Whether their high profiles have helped market their projects is a matter of debate. When a famous person takes on risk, the fall can be greater, at least from a publicity standpoint.
For example, few would have known or cared much that there was an 83-unit project approved by Ladysmith city council unless the investors hadn’t been Pamela Anderson and Mr. Courtnall. That project fell through last year when Ms. Anderson pulled out, but it wasn’t the first condo/townhouse project to ever get kiboshed or put on hold. Because it never moved beyond the rezoning stage, it wasn’t a particularly costly venture. It took a lot of time and energy, Mr. Courtnall says.
“It took two and a half years to get it rezoned for condos on a nice piece of property Pam has on the ocean,” he explains. “Then the market slowed down after the rezoning went through and she and her advisers decided to put the project on hold, which was probably a very good decision.
“But any time there’s a project that gets hyped and it doesn’t work, I think there’s always a negativity coming. But that one did work, and we go it zoned and it’s a great piece of property. Hopefully there’s a day when the timing will be right.”
When you’re famous, the golden rule is not to make your involvement known until negotiations are over. The high-profile name only comes in handy when it’s time to market and promote the project, as Ms. Anderson had intended to do.
Mr. Courtnall and brother Russ learned the hard way that their famous names can work against them.
“When they find out you are trying to buy a piece of property, word gets out and everybody wants to see what you are trying to buy. Before you know it, everybody is putting in an offer,” says Mr. Courtnall. “It happened to Russ and me on a condo project in Victoria. We met with the people who were selling and they were giving us first right to buy, and we agreed to pay what they wanted. The next day, they said somebody else had offered them $100,000 more and they sold it.
“Live and learn.”
Victoria-based Peter Laughlin, of Wessex Project Management, partnered with Mr. Courtnall on the Ladysmith project. He has worked with other high-profile names.
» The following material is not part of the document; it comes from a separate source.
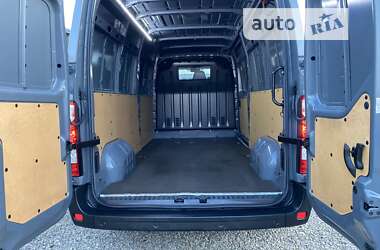 Грузовой фургон Renault Master 2022 в Хусте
“Sellers naturally think a well-known name is leverage to demand more cash,” he says. “Generally, you have to keep their name out of negotiations when you are buying the property, because people will think that they will pay more.”
Mr. Priestley concurs.
“If you are trying to buy something, you try to keep your identity a secret for as long as you can. It’s hard to negotiate with people when they see you on TV every week. If you try to give them a low-ball offer, and they’ll just say ‘no.’”
On the flipside, a high profile can attract co-investors, says Mr. Priestley.
“I think it can initially help you, certainly if you are looking for partners or outside monies to come in, to help close a deal for you.
“I think that being a person of note can definitely help open doors for you.”
It’s simply a matter of getting more attention, Mr. Toigo says.
“I think it’s anything that makes people talk. Michael’s dad came to a number of the public hearings. Bruce [Allen]too. All those things will help,” he says.
“And when we were going through rezoning, we had acknowledgements from the general public that these guys were involved with this.
“It should be a plus, because they don’t invest in anything. There are lots of examples of people getting caught up in things that go wrong, but I’ve been doing this since 1981.”
Mr. Courtnall generally teams up with other investors, but he knows too that they must wonder how much business acumen a hockey player can bring to the table.
“They don’t say it, but I’m sure that’s at the back of their minds,” says Mr. Courtnall.
“Let’s face it, none of us are experts in the field, and I think people want to see what you’ve done that’s successful either on your own, or with another investor.
“A lot of the people that are investing in different deals in B.C. look at the merit of the project and then the financial side of whether it can make money. They would judge it more on those opportunities, than me being involved.”